The Federal Budget delivered on 8 May 2012 contained a number of superannuation announcements that may impact NESS’ members.
Deferral of the $50,000 concessional contributions cap
This financial year, the concessional contributions cap is $25,000 or $50,000 if you are aged 50 or more, to allow older people to make catch-up contributions. This amount includes what your employer pays and what you may salary sacrifice. If you’re self-employed, this includes any personal deductible contributions. Any super contributions that exceed these annual caps are subject to a penalty tax of 31.5%.
The Government has announced that, from 1 July 2012, the concessional contributions cap will be $25,000 for all ages.
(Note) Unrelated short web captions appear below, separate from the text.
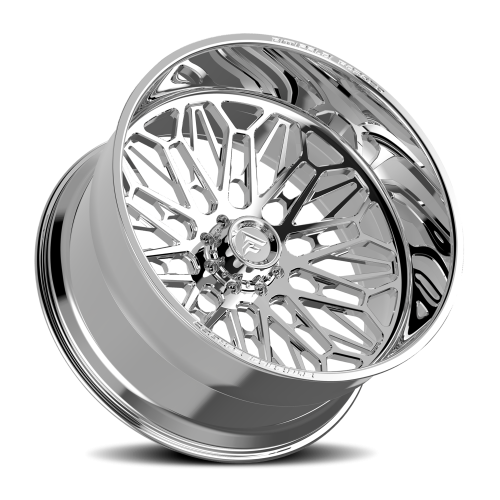 Fittipaldi Offroad FTF509 Polished - Image 2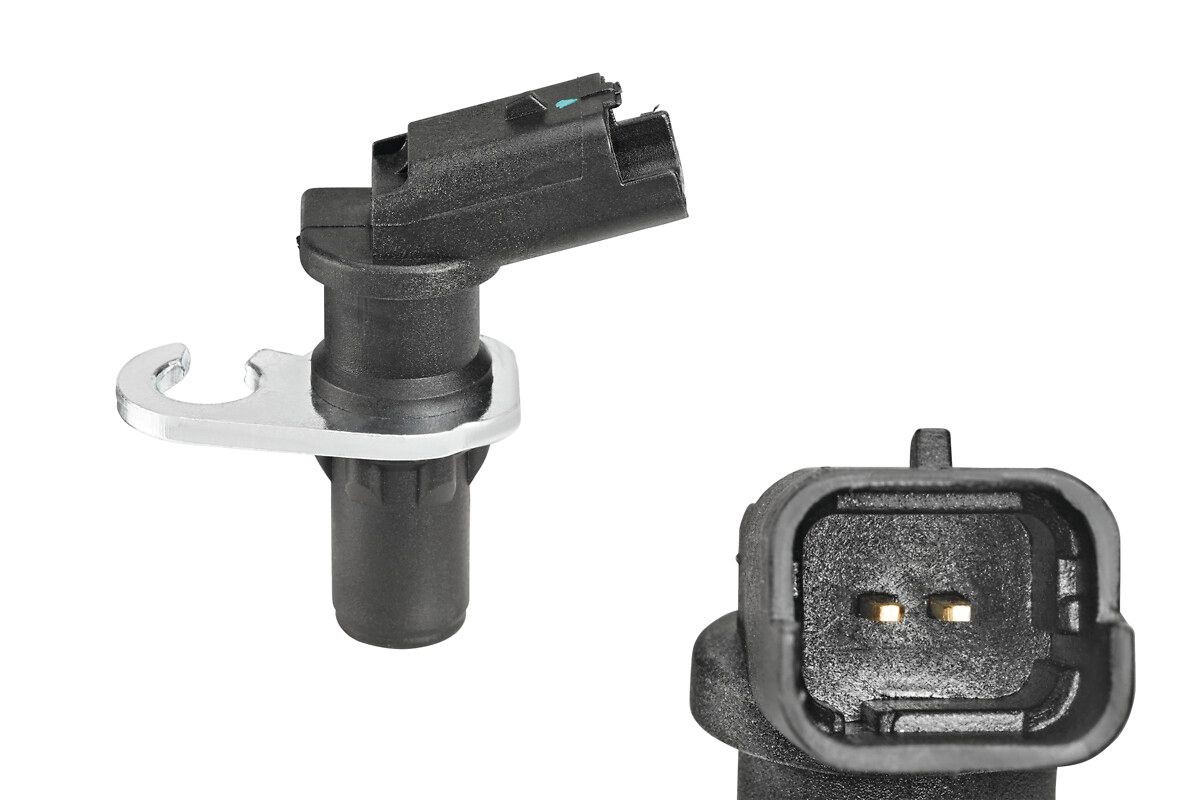 VALEO Krukassensor 254040 Peugeot 1007 Krukaspositiesensor VALEO 254040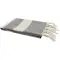 Telo per hammam 147 x 75,5 cm Anders - Anteprima 10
Last year’s Budget measure to extend the $50,000 cap to individuals over 50 years of age with account balances of less than $500,000, has been deferred to 1 July 2014. Further, the Government anticipates that under current indexation arrangements, the general concessional contribution cap will rise to $30,000 in 2014-15, meaning the higher cap for those eligible people over 50 would be $55,000.
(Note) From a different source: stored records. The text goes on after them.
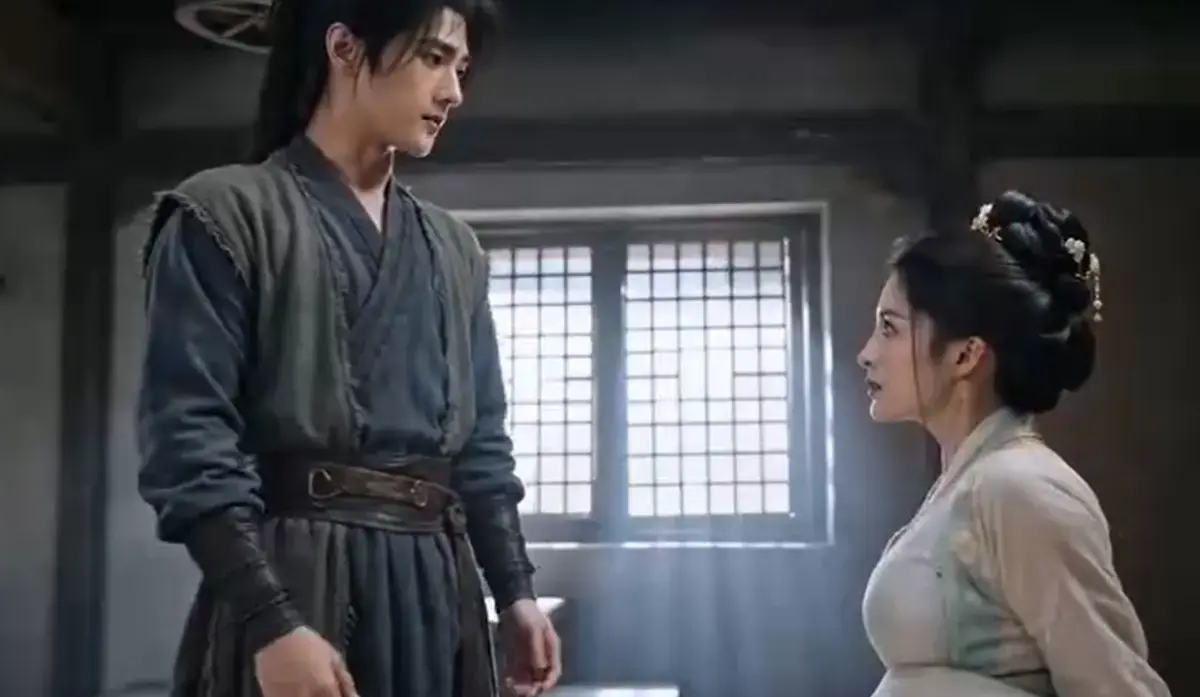 《重生之征服郭伯母》1080P高清画质在线播放-重生之征服郭伯母无广告免费观看全集-武侠穿越AI爽剧资源下载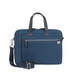 130662-1549 - https://www.luggagesuperstore.co.uk/media/catalog/product/p/r/prod_col_130662_1549_front_1.jpg | Samsonite Eco Wave 15.6" Laptop Bailhandle Midnight Blue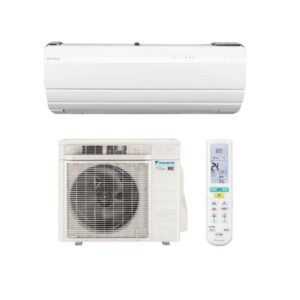Aparat de aer conditionat Daikin Ururu Sarara Bluevolution FTXZ35N-RXZ35N Inverter 12000 BTU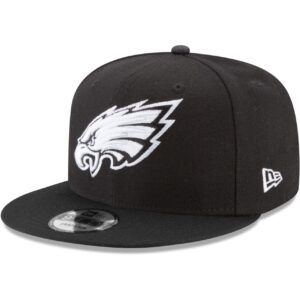 New Era 9Fifty Snapback Cap – NFL Philadelphia Eagles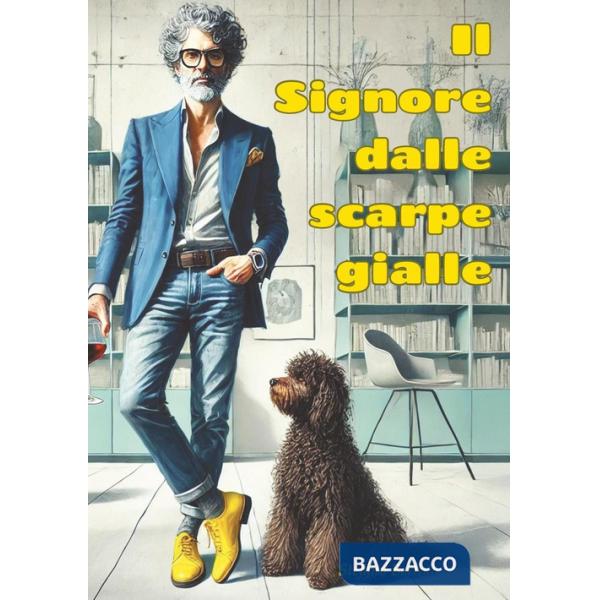 Signore dalle scarpe gialle (Il)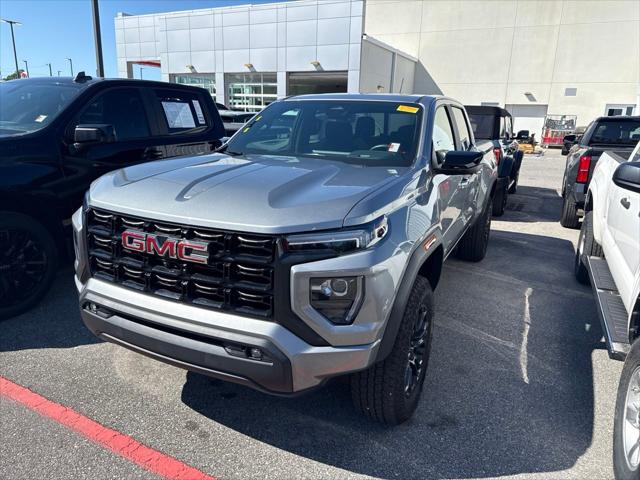 2023 GMC Canyon 2WD Crew Cab Short Box Elevation for sale in Fort Walton Beach, FL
Increased contributions tax for higher income earners
Concessional contributions to superannuation (including employer contributions, salary sacrifice and personal deductible contributions for self-employed) currently attract a contributions tax of 15%, which is deducted from your super account.
The Government has announced that, from 1 July 2013, individuals with “incomes” greater than $300,000 will effectively pay a contributions tax of 30% through the reduction of tax concessions on their contributions. The definition of “income” for the purposes of this measure includes concessional super contributions, adjusted fringe benefits, total net investment loss, target foreign income and tax-free government pensions and benefits, less child support
Additional Government charges to boost funding to industry regulators
As part of the Government’s Stronger Super and SuperStream reform initiatives, which are designed to make the superannuation system more efficient, the Government has indicated that the costs of implementing these initiatives will be recovered through a temporary levy on APRA-regulated super funds from 2012-13. Industry and other employer super funds may have to pass on this additional cost to members.
Confirmation of the 12% Superannuation Guarantee and low income rebate
The Budget confirmed the gradual lifting of the Superannuation Guarantee rate to 12% by 2019-20. The Budget also confirmed the introduction of the low income super rebate, which will effectively remove the 15% contributions tax for those earning up to $37,000.